La décision de la CAA de Paris
Sur la détermination du siège de direction effective
La Cour rappelle, en 1er lieu, qu’en application de la convention franco-britannique du 19 juin 2008 (conforme, sur ce point, au modèle OCDE), la détermination de la résidence conventionnelle d’une personne morale s’effectue d’abord par référence au droit interne, puis, si ce critère est inopérant, selon le critère subsidiaire du siège de direction effective.
La convention ne contient toutefois pas de définition de la notion de « siège de direction effective ».
De son côté, la jurisprudence du Conseil d’Etat définit généralement la notion de siège de direction effective comme le lieu où les personnes exerçant les fonctions les plus élevées prennent les décisions stratégiques en matière de gestion et de politique industrielle ou commerciale qui déterminent la conduite des affaires de cette entreprise dans son ensemble (voir notamment CE, 16 avril 2012, n°323592).
Cette qualification relève donc essentiellement d’une question de fait qui, loin d’être évidente, repose sur la réunion d’un ensemble d’indices.

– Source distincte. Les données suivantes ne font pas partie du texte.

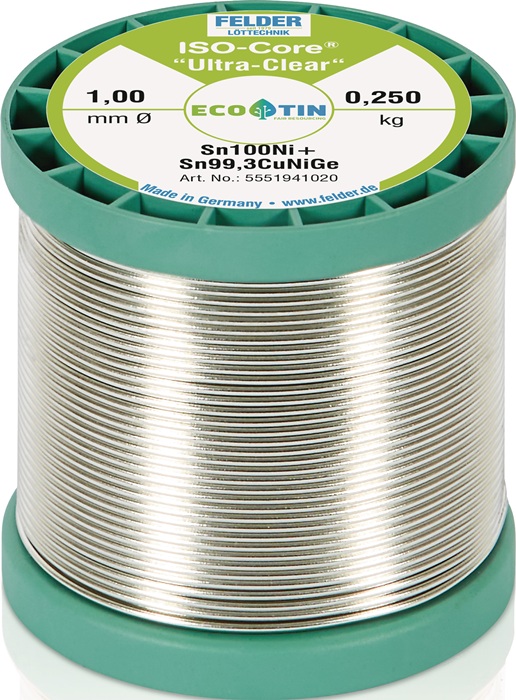 Lötdraht ISO-Core® UltraClear 1mm 250g Sn100Ni+ FELDER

Au cas d’espèce, la CAA de Paris juge que la société britannique avait son siège de direction effective en France (et non au Royaume-Uni), en se fondant sur les éléments suivants :
- Tous les dirigeants de la société britannique (exerçant de surcroît les mêmes fonctions au sein des entités françaises du groupe) étaient des résidents fiscaux français, n’ayant disposé que de rémunérations intermittentes et limitées de la société britannique, et dont la présence effective sur le sol britannique n’était pas établie ;
- Les décisions stratégiques étaient prises en France ;
- Une gestion quasi-exclusive depuis la France des affaires commerciales, juridiques, fiscales, comptables et logistiques (étayée par la saisie lors des visites domiciliaires dans les locaux français, de nombreux contrats, factures, documents comptables et juridiques, courriers adressés à l’administration fiscale britannique, bulletins de salaires relatifs à la société britannique) ;
- L’absence de substance de la société britannique – domiciliation, au titre des années contrôlées, au bureau de son expert-comptable britannique et absence de salariés. On notera qu’il importe peu que cette société britannique se soit ensuite dotée d’une substance incontestable au titre des années suivantes (plus de 130 salariés au Royaume-Uni en 2019, notamment).
Cette solution est à rapprocher de 2 récentes décisions du Conseil d’Etat et de la CAA de Douai, qui avaient remis en cause le siège de direction effective de sociétés luxembourgeoises, compte-tenu de la faiblesse des moyens humains et matériels de ces sociétés au Luxembourg, ainsi que de la prise des décisions stratégiques en France (CE, 15 mars 2023, n°449723, Société CA Animation, et CAA Douai, 17 août 2023, n°21DA02808, SARL Clan’s World).
Sur la caractérisation d’une activité occulte et l’absence de droit à l’erreur
Pour mémoire, la découverte d’une activité occulte est susceptible d’entraîner le recours à la procédure de taxation d’office (LPF, art. L. 66), l’application de la prescription allongée à 10 ans (LPF, art. L. 169), ainsi que d’une majoration de 80 % (CGI, art. 1728).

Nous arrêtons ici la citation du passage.